DATA EXTRACTS Block Start

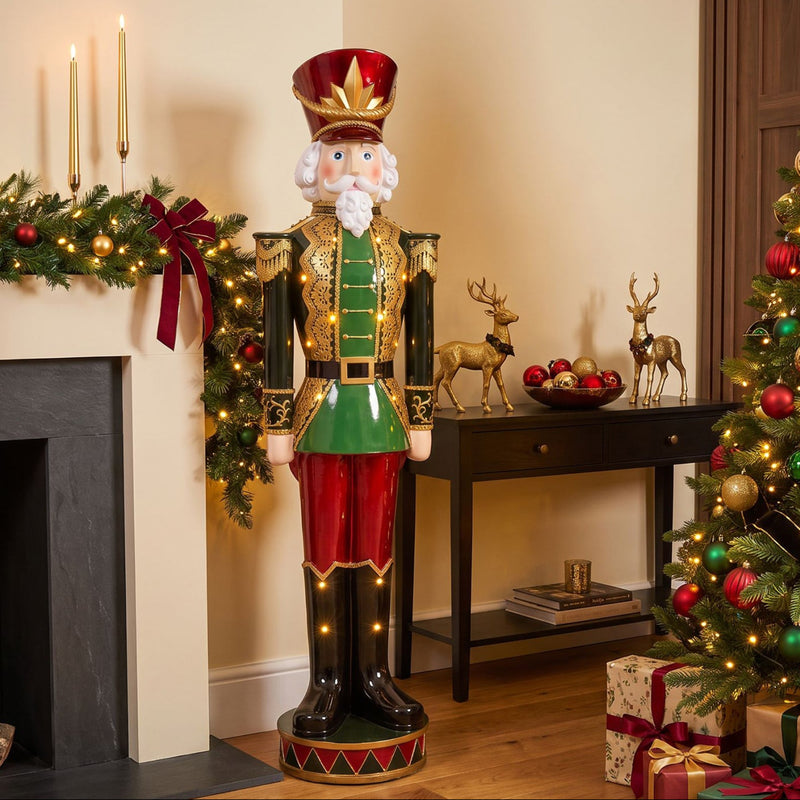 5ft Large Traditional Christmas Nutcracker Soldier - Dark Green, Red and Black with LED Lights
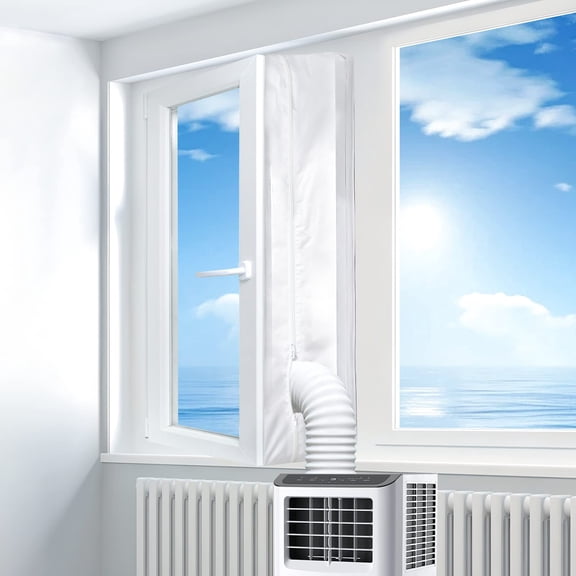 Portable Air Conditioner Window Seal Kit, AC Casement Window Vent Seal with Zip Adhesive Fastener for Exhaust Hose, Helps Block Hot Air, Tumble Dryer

DATA EXTRACTS Block End
DATA EXTRACTS Block Start

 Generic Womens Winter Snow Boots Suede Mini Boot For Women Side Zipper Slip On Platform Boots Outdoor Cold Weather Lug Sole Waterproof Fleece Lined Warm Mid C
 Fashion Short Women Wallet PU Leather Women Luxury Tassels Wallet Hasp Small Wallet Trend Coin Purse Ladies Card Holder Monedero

DATA EXTRACTS Block End
DATA EXTRACTS Block Start

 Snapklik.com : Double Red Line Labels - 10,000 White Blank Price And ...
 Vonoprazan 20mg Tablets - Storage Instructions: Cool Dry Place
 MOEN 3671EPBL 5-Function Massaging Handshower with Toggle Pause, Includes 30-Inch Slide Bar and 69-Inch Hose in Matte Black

DATA EXTRACTS Block End

◆ **TASK OBJECTIVE**
All lines above from the line with "Vonoprazan 20mg Tablets" through the line with "MOEN 3671EPBL 5-Function", both included, are to be set down exactly, with nothing else.

◆ **WRITTEN SOLUTION**
 Vonoprazan 20mg Tablets - Storage Instructions: Cool Dry Place
 MOEN 3671EPBL 5-Function Massaging Handshower with Toggle Pause, Includes 30-Inch Slide Bar and 69-Inch Hose in Matte Black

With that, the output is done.